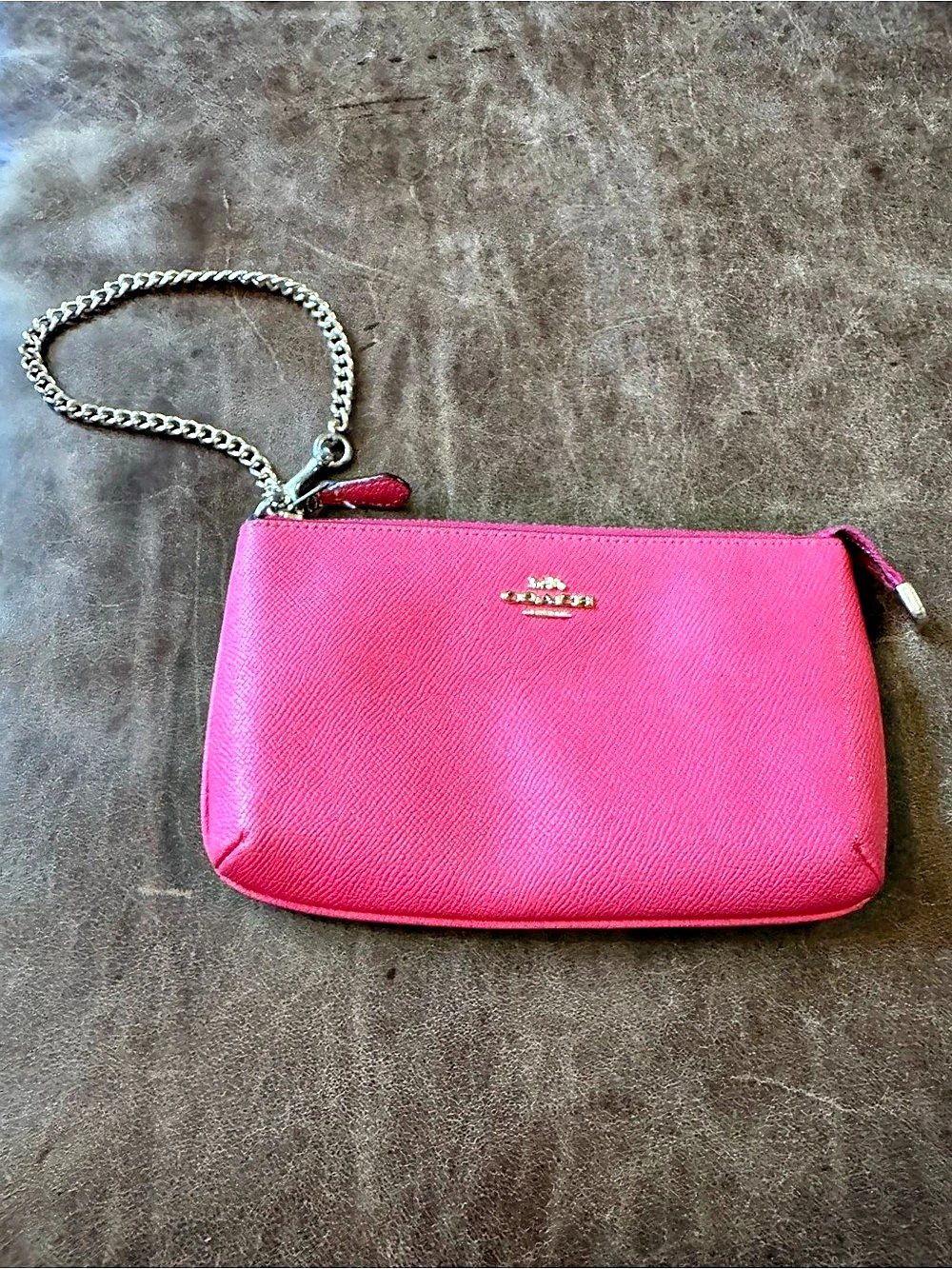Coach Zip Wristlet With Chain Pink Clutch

+++++

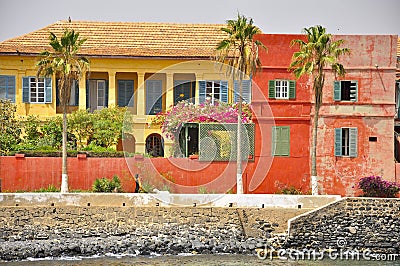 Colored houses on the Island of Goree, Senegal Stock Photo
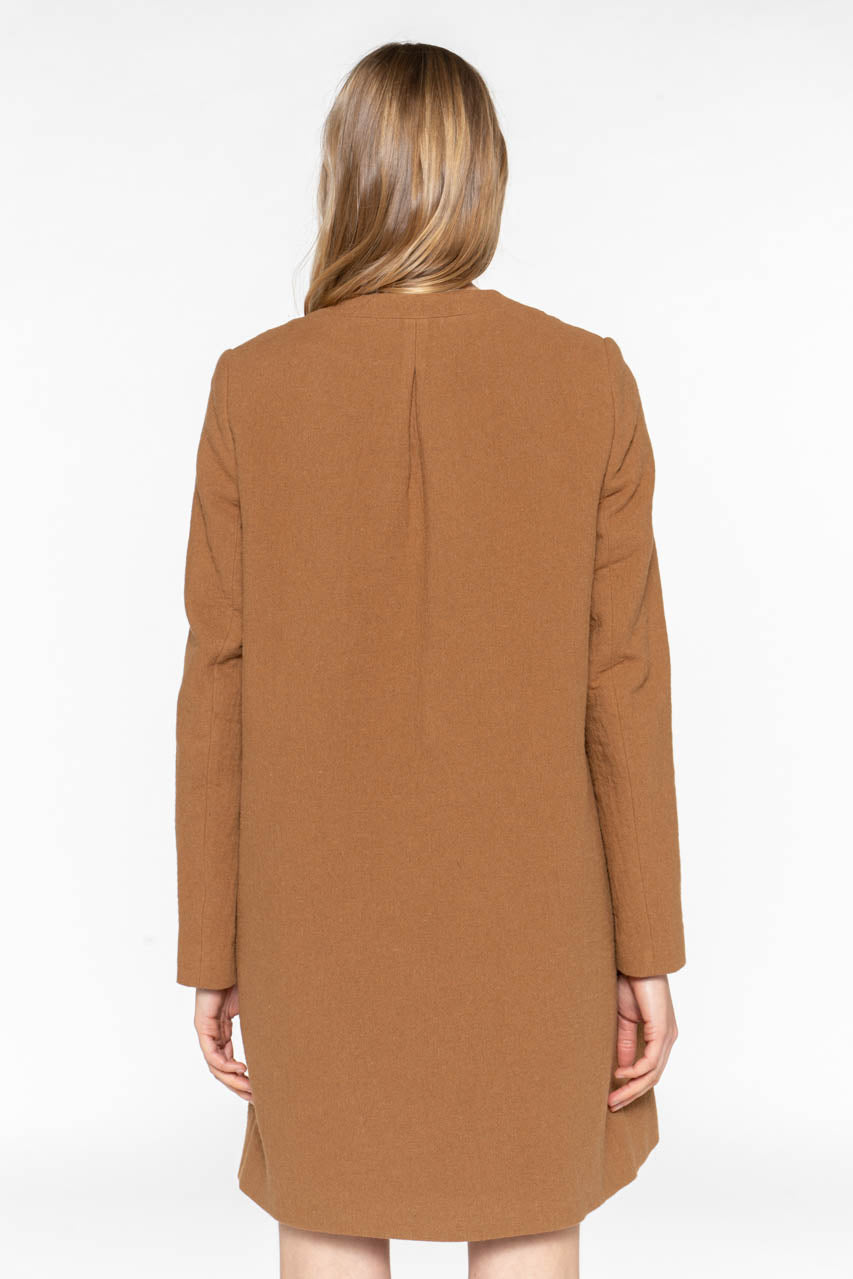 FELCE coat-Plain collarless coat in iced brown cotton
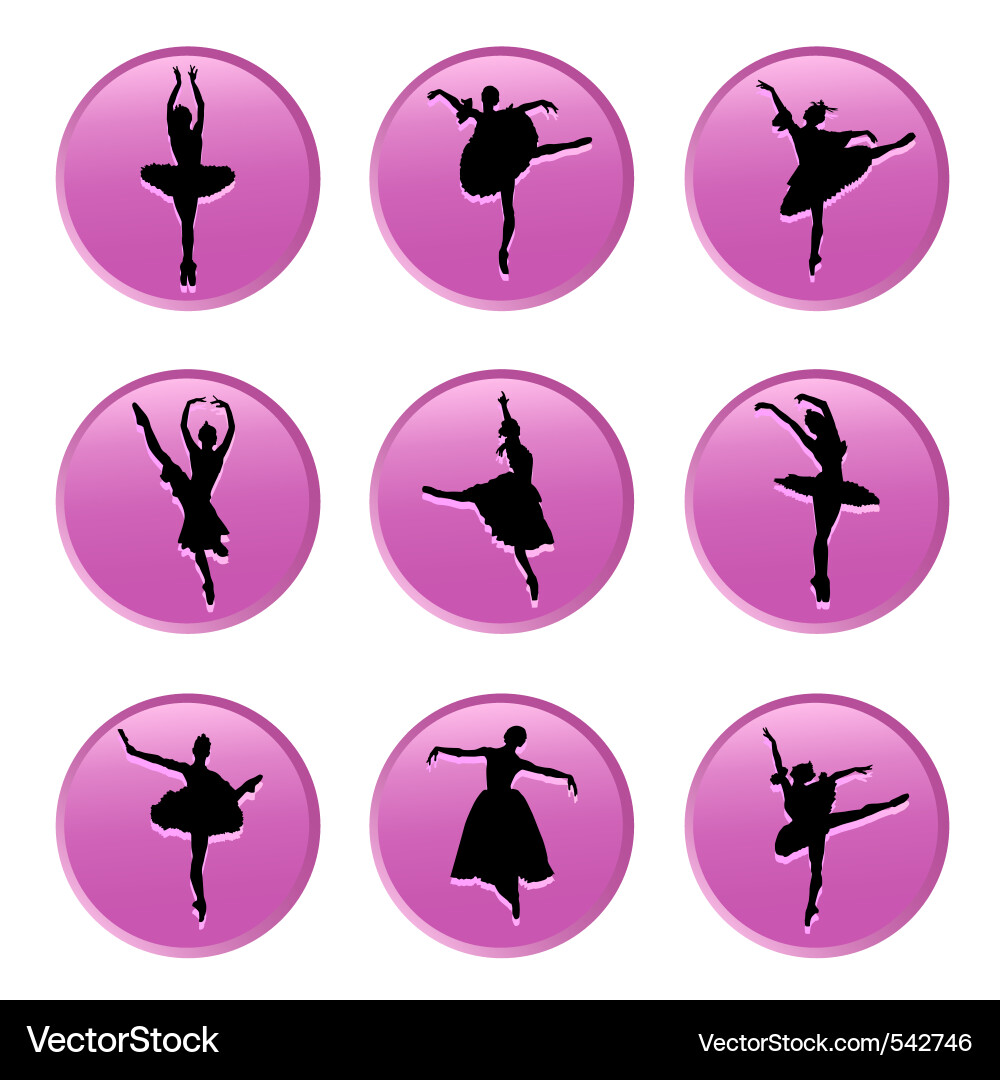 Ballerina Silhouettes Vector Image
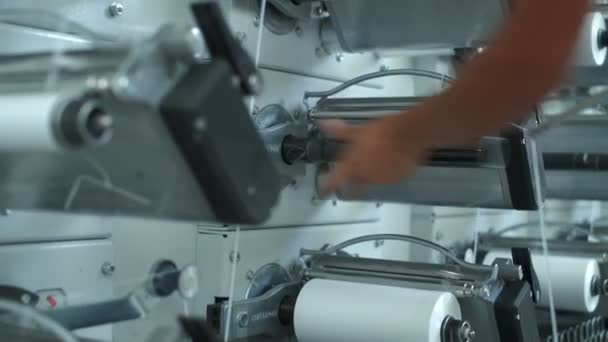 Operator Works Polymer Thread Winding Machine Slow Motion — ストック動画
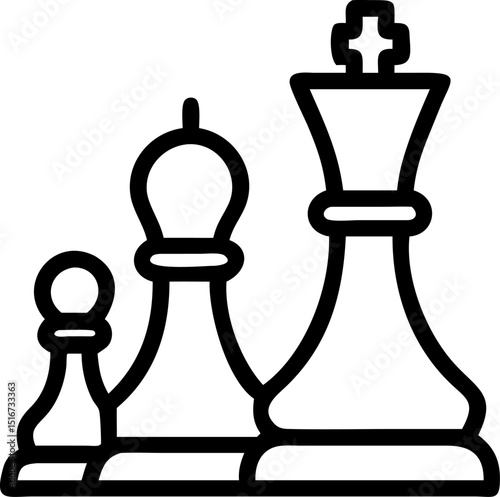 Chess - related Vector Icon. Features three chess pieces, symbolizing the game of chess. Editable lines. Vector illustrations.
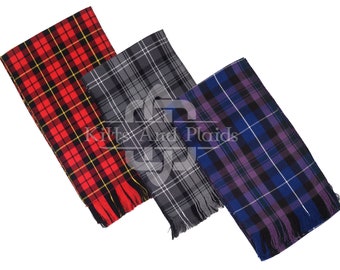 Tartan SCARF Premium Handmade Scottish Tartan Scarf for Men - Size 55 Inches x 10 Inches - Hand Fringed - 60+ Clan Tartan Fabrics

+++++

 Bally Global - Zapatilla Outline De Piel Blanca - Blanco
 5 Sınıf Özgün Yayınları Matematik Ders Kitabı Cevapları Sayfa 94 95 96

+++++

## DESCRIPTION OF THE TASK:
Your copy should hold the lines from the one with "Colored houses on" up to and including the one with "Tartan SCARF Premium", exactly as in the data above, and no pictures.

## YOUR SOLUTION:
 Colored houses on the Island of Goree, Senegal Stock Photo
 FELCE coat-Plain collarless coat in iced brown cotton
 Ballerina Silhouettes Vector Image
 Operator Works Polymer Thread Winding Machine Slow Motion — ストック動画
 Chess - related Vector Icon. Features three chess pieces, symbolizing the game of chess. Editable lines. Vector illustrations.
 Tartan SCARF Premium Handmade Scottish Tartan Scarf for Men - Size 55 Inches x 10 Inches - Hand Fringed - 60+ Clan Tartan Fabrics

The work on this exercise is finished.